Task directions:
Each line below must be set down exactly; omit any image you find.

Source information:
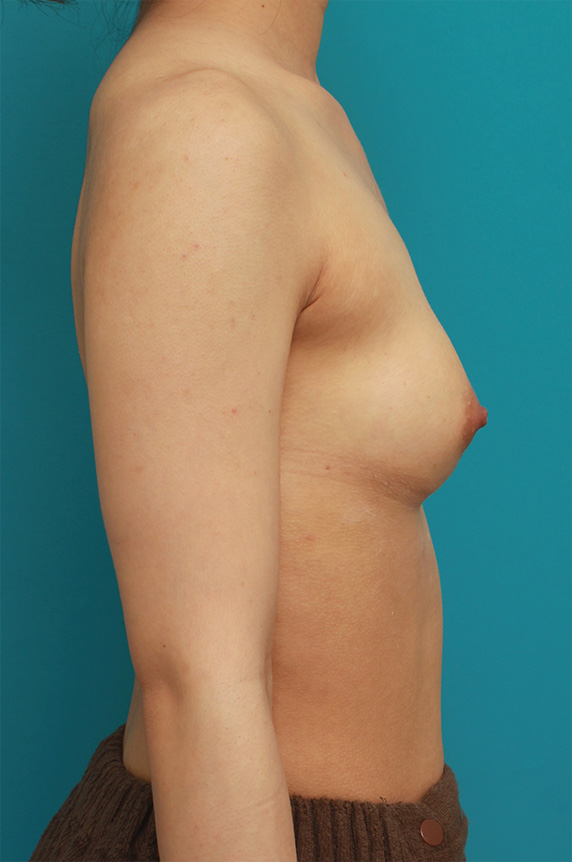 症例写真,胸がほぼ平らに近い女性に、ヒアルロン酸を50ccずつ注入し、ほどよい自然な膨らみを作った症例の術前術後画像,After（3ヶ月後）,ba_mammary59_b.jpg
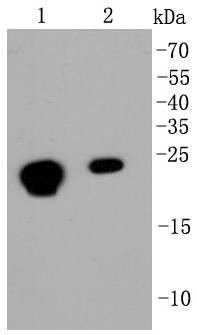 Anti-CBX5 Antibody (5G758)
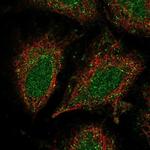 CCDC122 Polyclonal Antibody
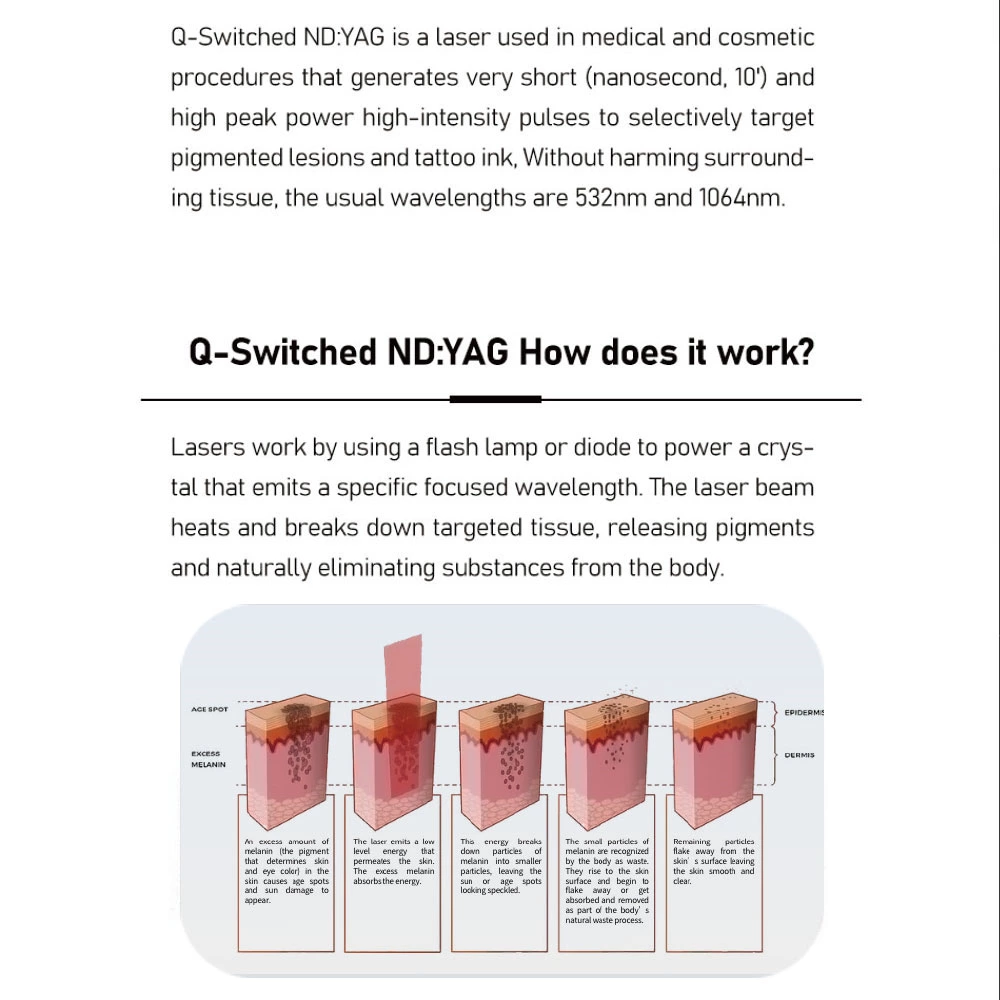 Q-Switched Nd: جهاز التجميل بالليزر YAG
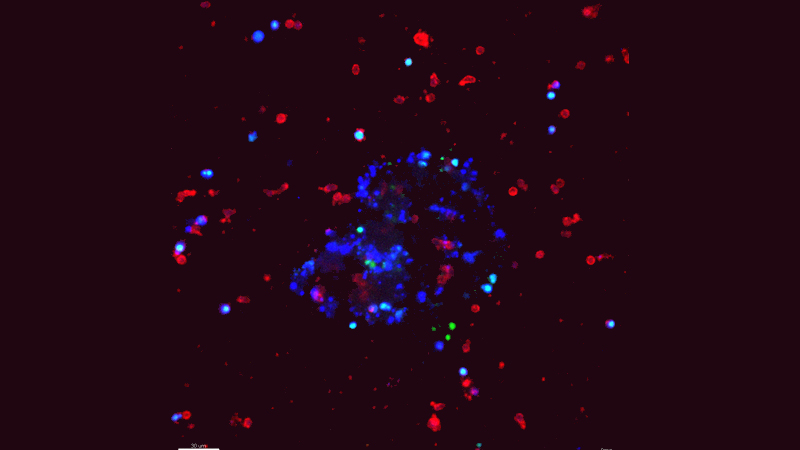 7 9 2020 Valerie Pr Ewald Image Jhu 5f104b60b86a6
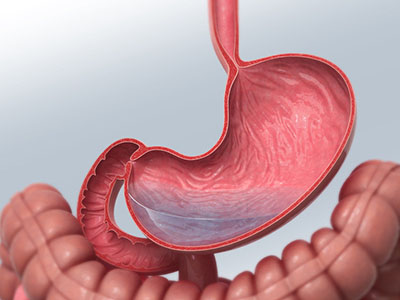口腔潰瘍是否是腸胃問題？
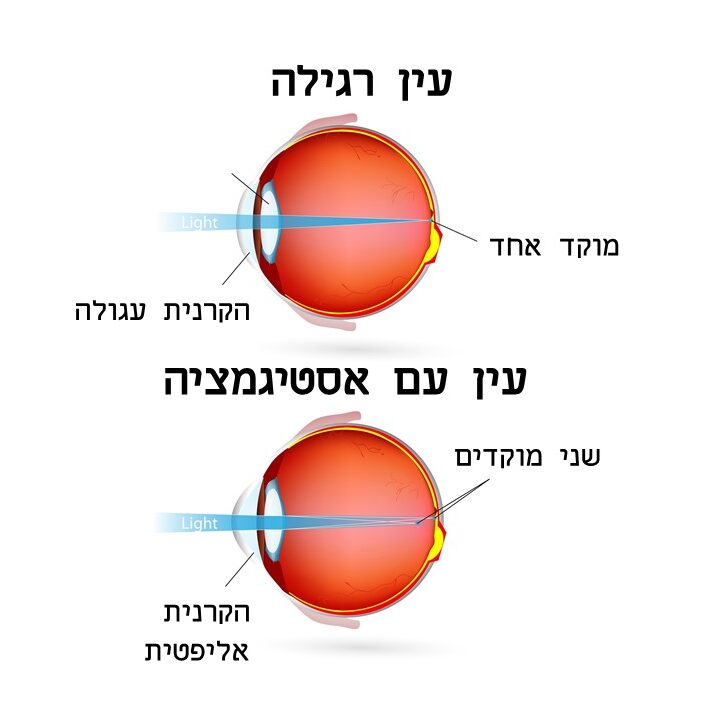 הדמייה אסטיגמציה גבוהה (צילינדר בעין). הדמיה על ידי ארזה פרוכטר הדמייה אסטיגמציה גבוהה (צילינדר בעין). הדמיה על ידי ארזה פרוכטר
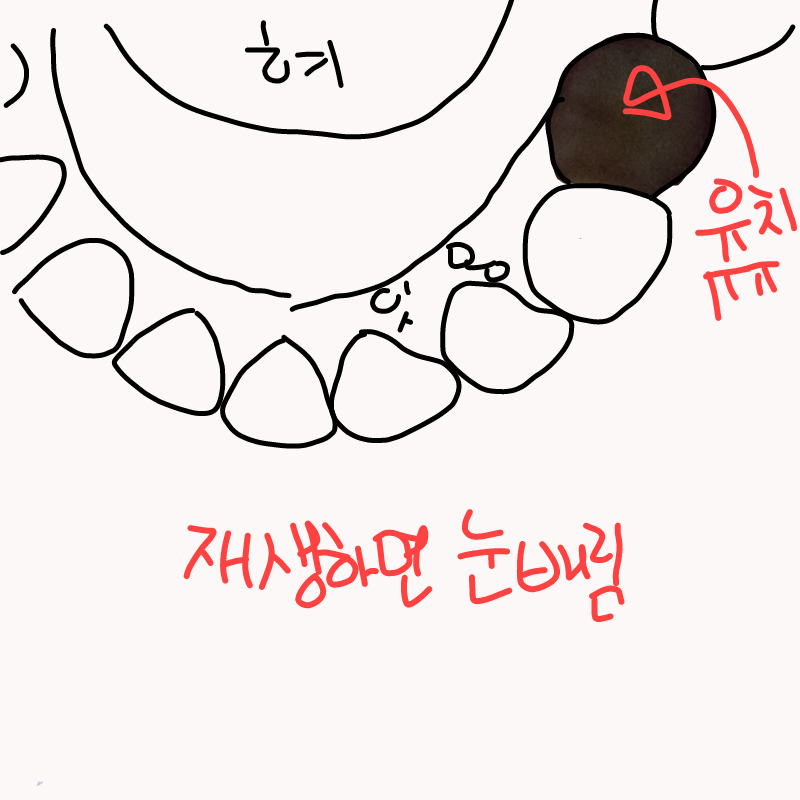 저 태아 때.. : 저 태아 때 기형일 확률 높아서 저 쥬글 뻔 했다네요 근데 그게 기형이 맞긴 해요 영구치 하나가 으아아아  스케치판 ,sketchpan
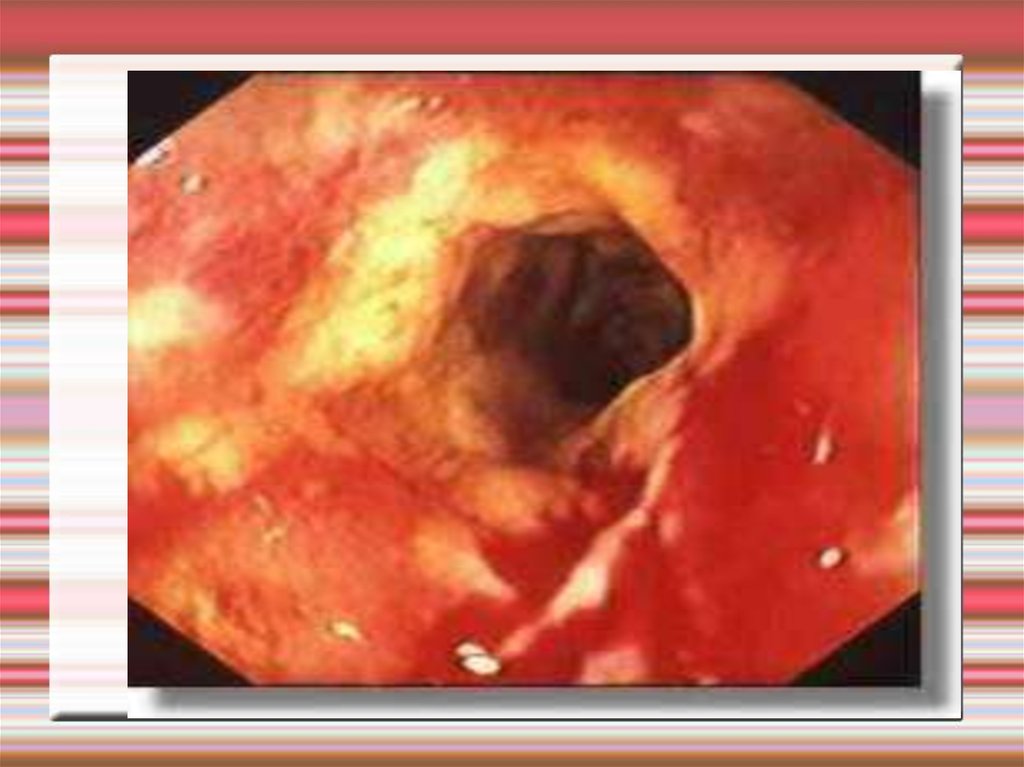 Болезнь Крона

Answer for this exercise:
 症例写真,胸がほぼ平らに近い女性に、ヒアルロン酸を50ccずつ注入し、ほどよい自然な膨らみを作った症例の術前術後画像,After（3ヶ月後）,ba_mammary59_b.jpg
 Anti-CBX5 Antibody (5G758)
 CCDC122 Polyclonal Antibody
 Q-Switched Nd: جهاز التجميل بالليزر YAG
 7 9 2020 Valerie Pr Ewald Image Jhu 5f104b60b86a6
口腔潰瘍是否是腸胃問題？
 הדמייה אסטיגמציה גבוהה (צילינדר בעין). הדמיה על ידי ארזה פרוכטר הדמייה אסטיגמציה גבוהה (צילינדר בעין). הדמיה על ידי ארזה פרוכטר
 저 태아 때.. : 저 태아 때 기형일 확률 높아서 저 쥬글 뻔 했다네요 근데 그게 기형이 맞긴 해요 영구치 하나가 으아아아  스케치판 ,sketchpan
 Болезнь Крона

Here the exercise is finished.